By the end of the 1990s, the company had opened 70 sales offices worldwide. In 2003, the group launched the Karma brand as part of a revamped, five-star offering.

The company continued to add properties to its portfolio, notably in Greece (Crete and Mykonos), Indonesia (Bali), India (Kerala and Jaipur), Germany (Bavaria), France (St Tropez and Carcassonne), and the Isles of Scilly(si-lee).

In 2013, John Spence acquired the historically notable Cote D'Azur chateau, Le Preverger, once the home of UK designer Laura Ashley, and added the property to the Karma portfolio.

In 2017, Karma Group entered into an agreement with Sanctum Hotels Group. The partnership is part of a five-year plan to expand the Group's holdings to 60 resorts.

Business model 
Karma Group's business units, being Karma Resorts, Karma Spa, Karma Estates, Karma Retreats, Karma Beach Clubs and Karma Group, generate revenue through timeshare and fractional ownership as well as hotel services such as the standard selling of room nights, onsite spas and dining.

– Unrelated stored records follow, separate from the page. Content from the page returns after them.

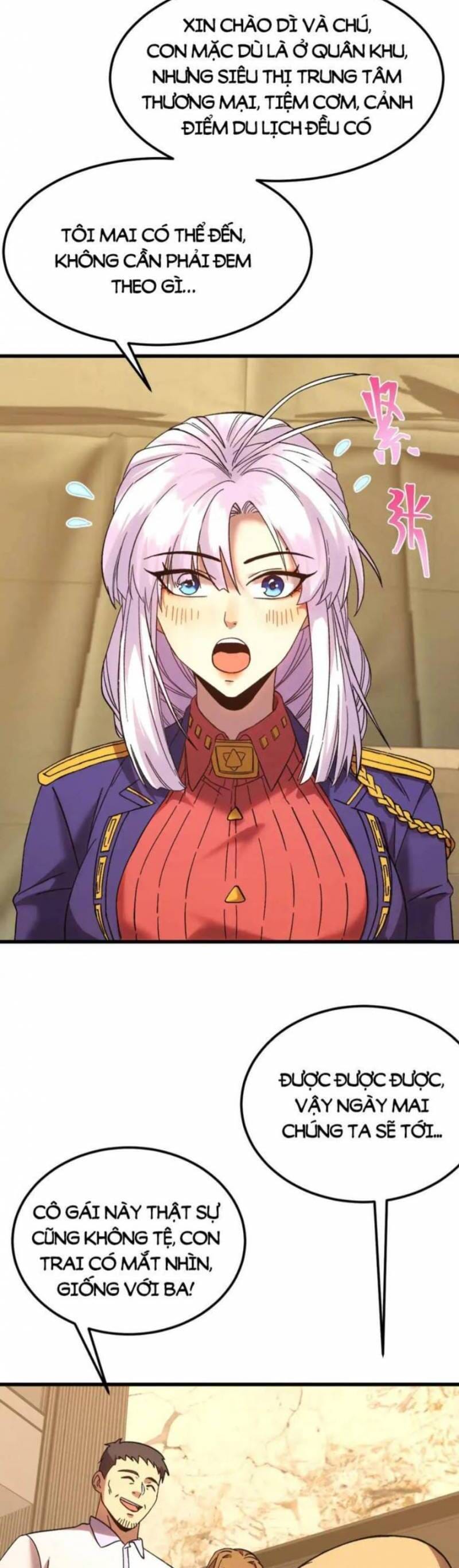 Truyện Tranh Cao Võ Hạ Cánh Đến Một Vạn Năm Sau trang 6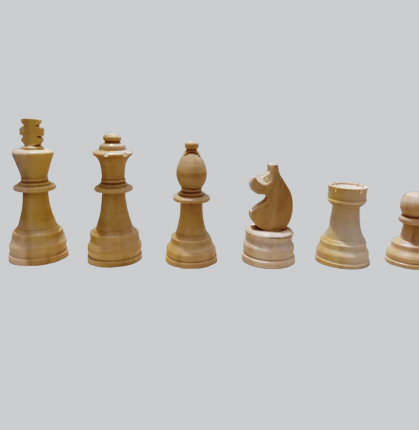 WOODEN PIECES SET - Image 2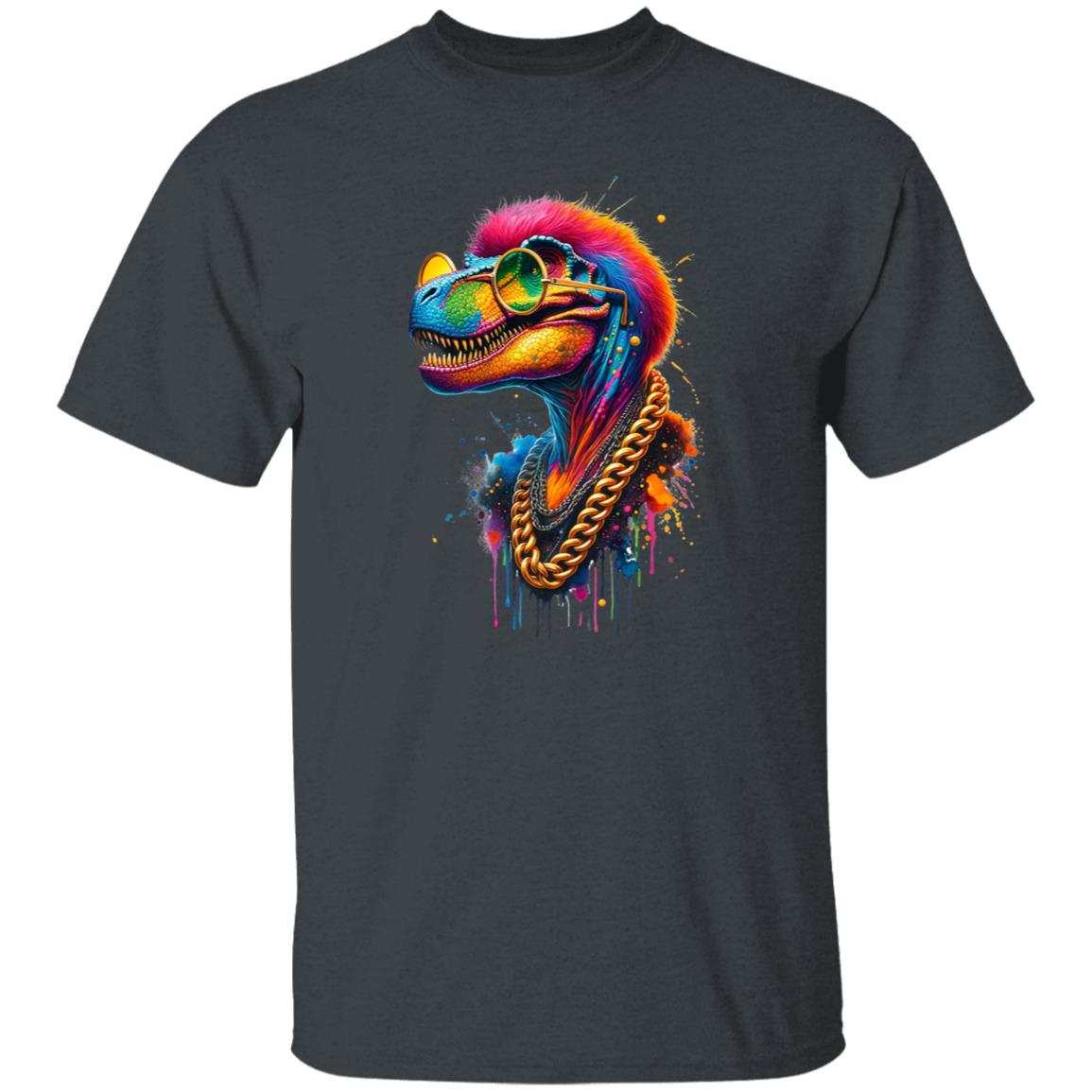 Tyrannosaurus Rex (T-Rex) in hip style Color Splash Unisex product image 7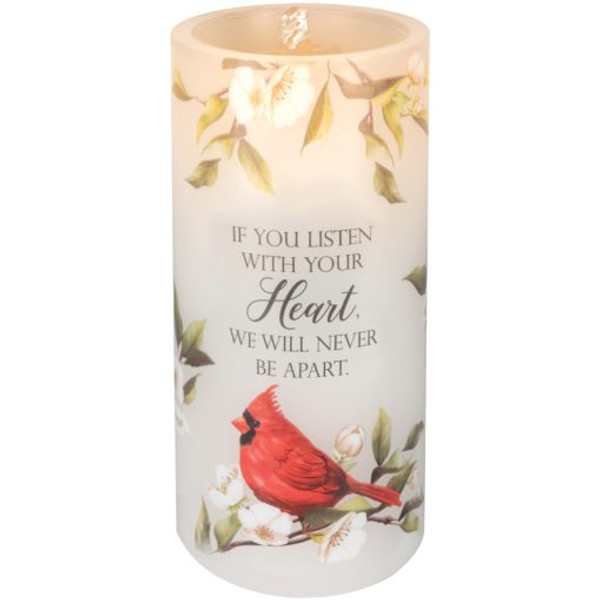 NEVER APART WATER FOUNTAIN CANDLE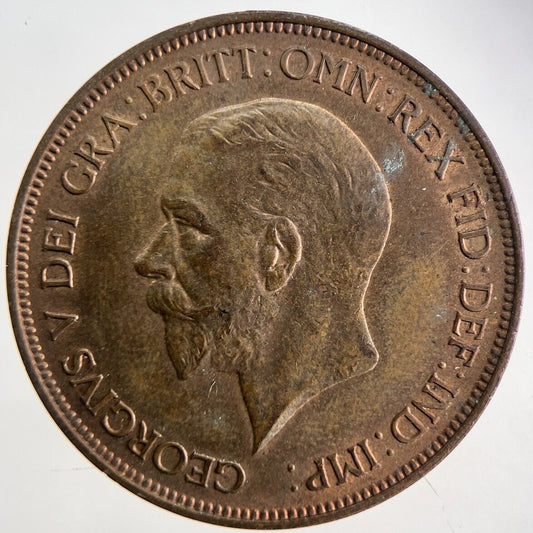 1936 George V One Penny Coin | Very High Grade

Karma Group generates revenue through fractional ownership and timeshare of Karma properties. Karma villas are presold to investors, who lease the property back to Karma to operate and manage.

The group also allows individuals to invest in timeshare accommodation, where parties are allotted a certain amount of time per year for access and use of the property. The group operates properties in locations as varied as Indonesia (Jimbaran, Sanur, Ubud and Candidasa), Greece (Mykonos and Crete), France (St Tropez and Carcassonne), India (Goa, Kerala and Rajasthan), and Vietnam.

Karma Resorts operates as both owner and management company of Karma's resorts, including properties in Indonesia (Jimbaran Bay, Ungasan and Gili Meno), the UK (St Martin's in the Isles of Scilly), Australia (Rottnest Island), and Germany (Schliersee, Bavaria).